Après 24 saisons d'activité dans le football régional et national, Didier Vincent a arbitré une toute dernière rencontre samedi soir à Lons.
En guise de jubilé, une affiche de gala entre Dijon et Grenoble (L2) dont il s'apprête à savourer la moindre action. « J'ai du mal à réaliser que ce seront mes derniers coups de sifflet » s'émeut le Lédonien, encore élu meilleur arbitre de Franche-Comté en juin dernier. « Il était temps de tourner la page, de passer à autre chose. J'ai toujours dit qu'il fallait laisser la place aux jeunes (rires). » Cela dit, s'il ne « sévira » plus sur les terrains la saison prochaine, il ne va pas quitter pour autant le monde de l'arbitrage. Dès la rentrée, Didier sera en effet missionné par la FFF pour observer ses pairs au niveau national.

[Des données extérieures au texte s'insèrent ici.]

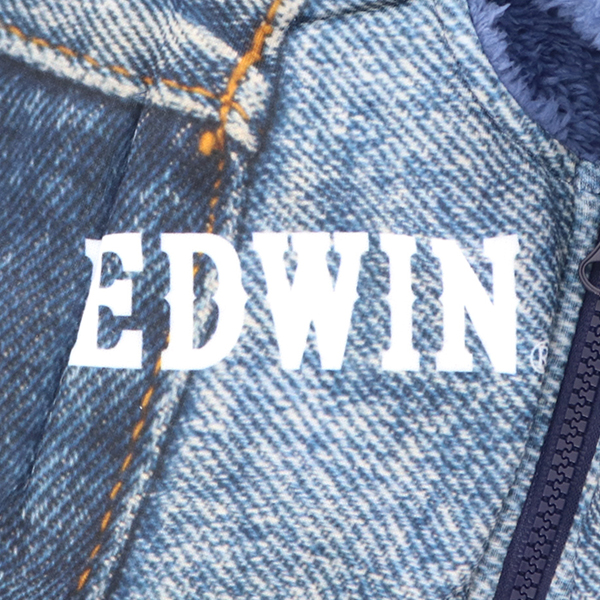 EDWIN（エドウイン）着るブランケット デニムパッチワーク柄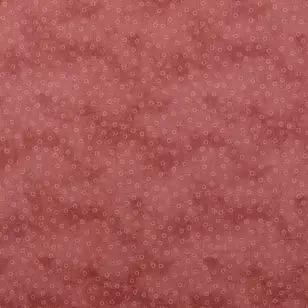 Fast bomuld batik med bobler i gammelrosa - Metervarer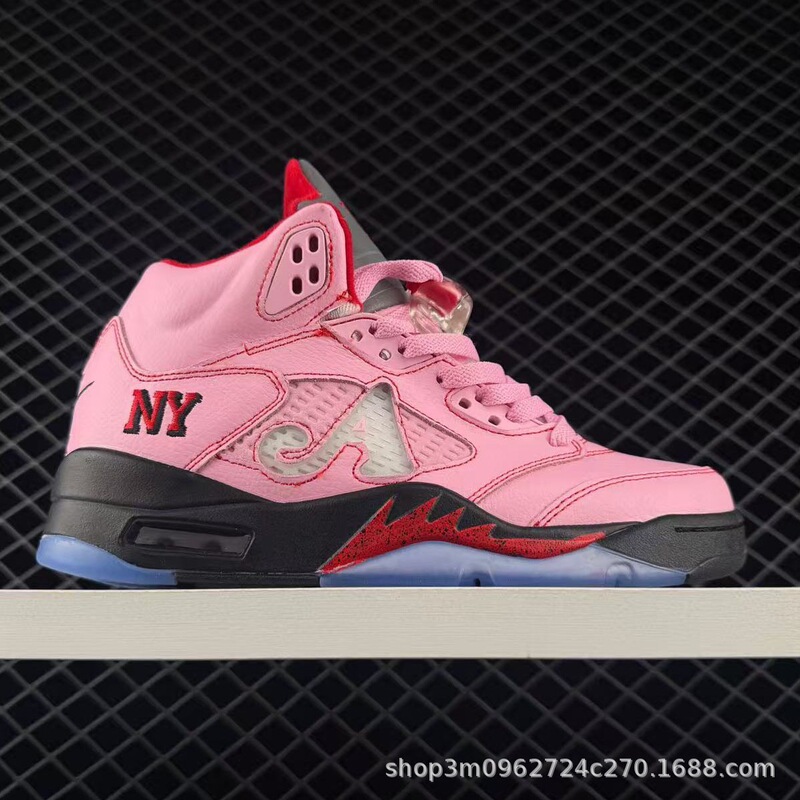 Pure Original Aj5 Basketball Shoes Ny Jordan 5 Collaboration Practical Cushioning Non-Slip Wear-Resistant Casual Men's and Women's Sports Running Shoes Pure Original Aj5 Basketball Shoes Ny Jordan 5 Collaboration Practical Cushioning Non-Slip Wear-Resistant Casual Men's and Women's Sports Running Shoes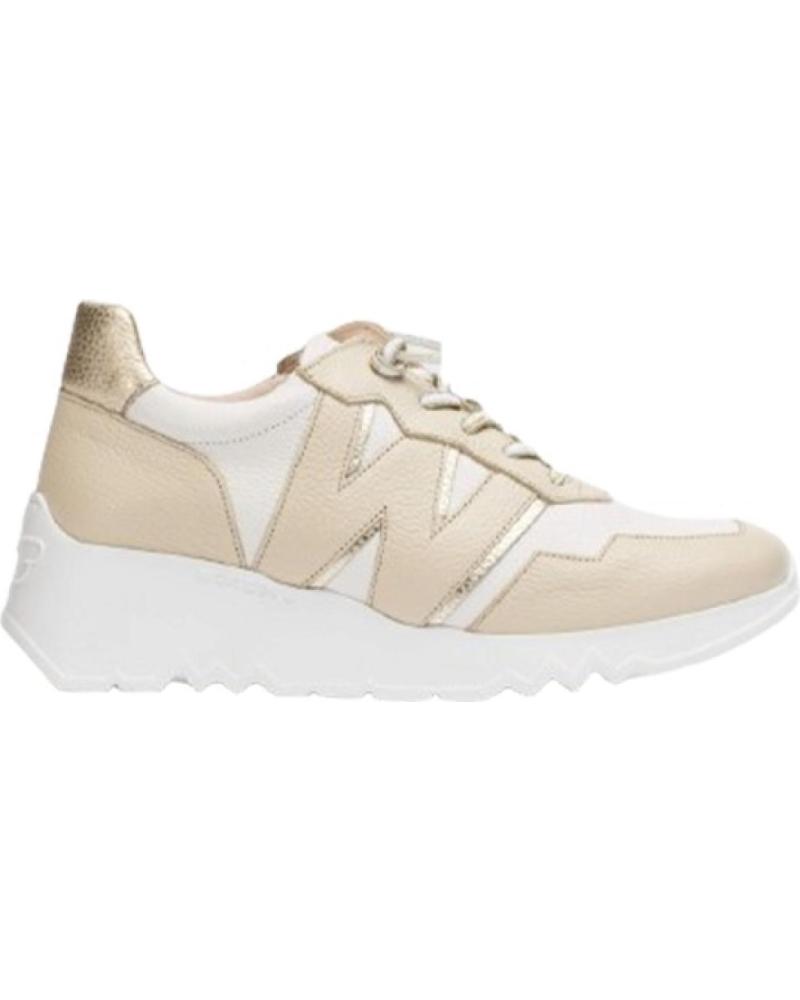 Woman Zapatillas deporte WONDERS E-6741  CREMA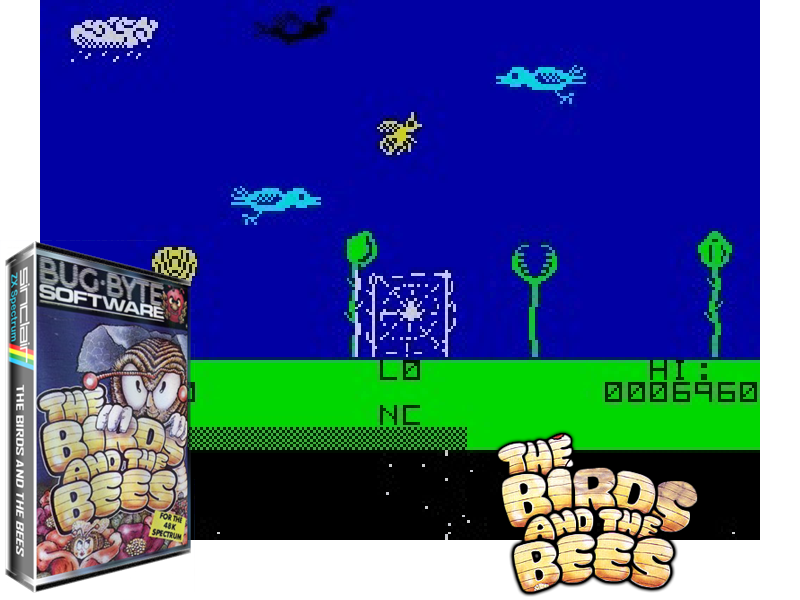 Sinclair ZX Spectrum 48K Game - THE BIRDS AND THE BEES - Bug Byte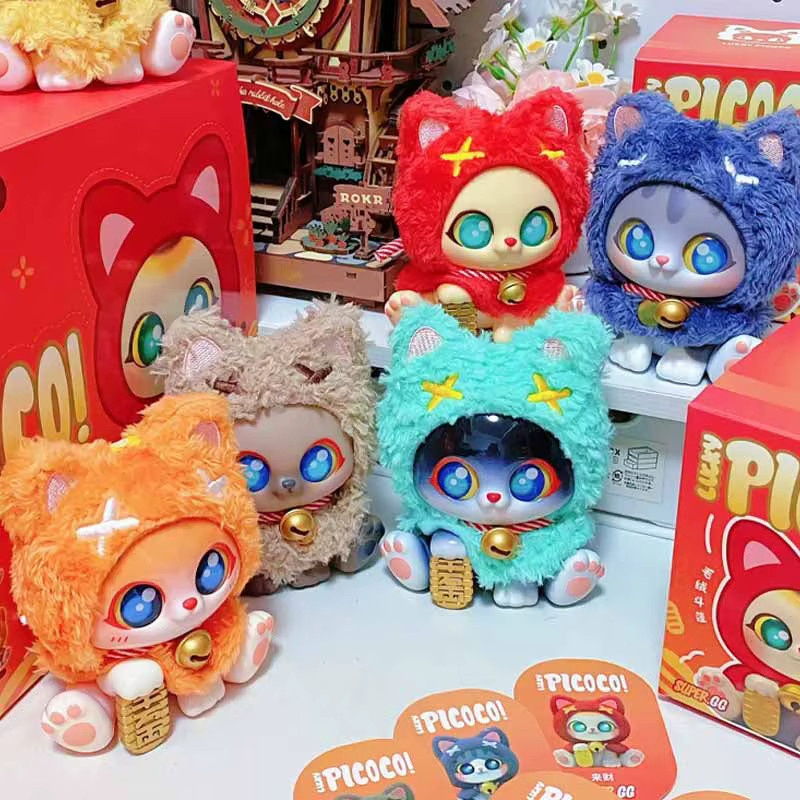 Supergg Picoco Lucky Cloak Cat Series, Puppe, Rucksack Anhänger, Mystery Box - Bild 2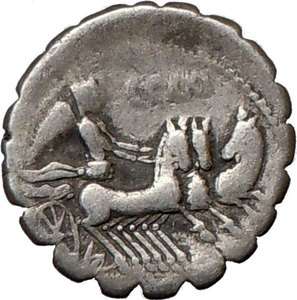  Naevius Balbus GREEK WAR CHARIOT Horse Rare Ancient Silver Coin  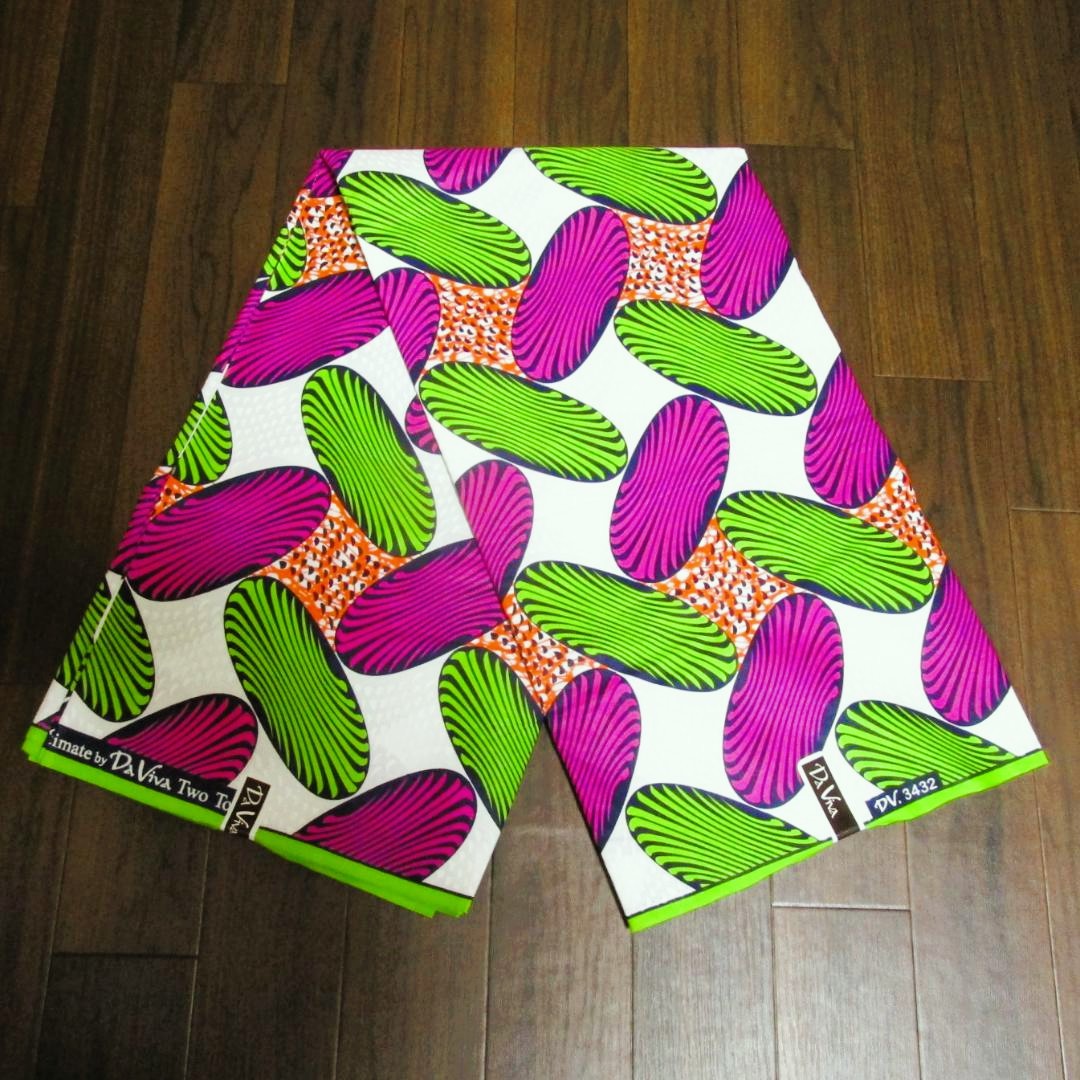 画像2: アフリカンプリント生地 パーニュ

« Ça faisait plusieurs années que je voulais passer la main. J'avais demandé à plusieurs reprises d'intégrer la cellule d'observateurs de la FFF mais ça ne marchait pas. Pour être honnête, je n'y croyais plus trop… Et puis, il y a quelques semaines, on m'a appelé pour m'apprendre la bonne nouvelle. J'étais super ému… Trois jours plus tôt, j'avais arbitré un match en DHR (Vesoul - Bethoncourt) sans savoir que c'était le dernier. Il y avait donc un peu de frustration car je n'avais pas pu profiter de mon dernier match. Par chance, on m'a proposé de faire mon jubilé à l'occasion de ce match de Ligue 2.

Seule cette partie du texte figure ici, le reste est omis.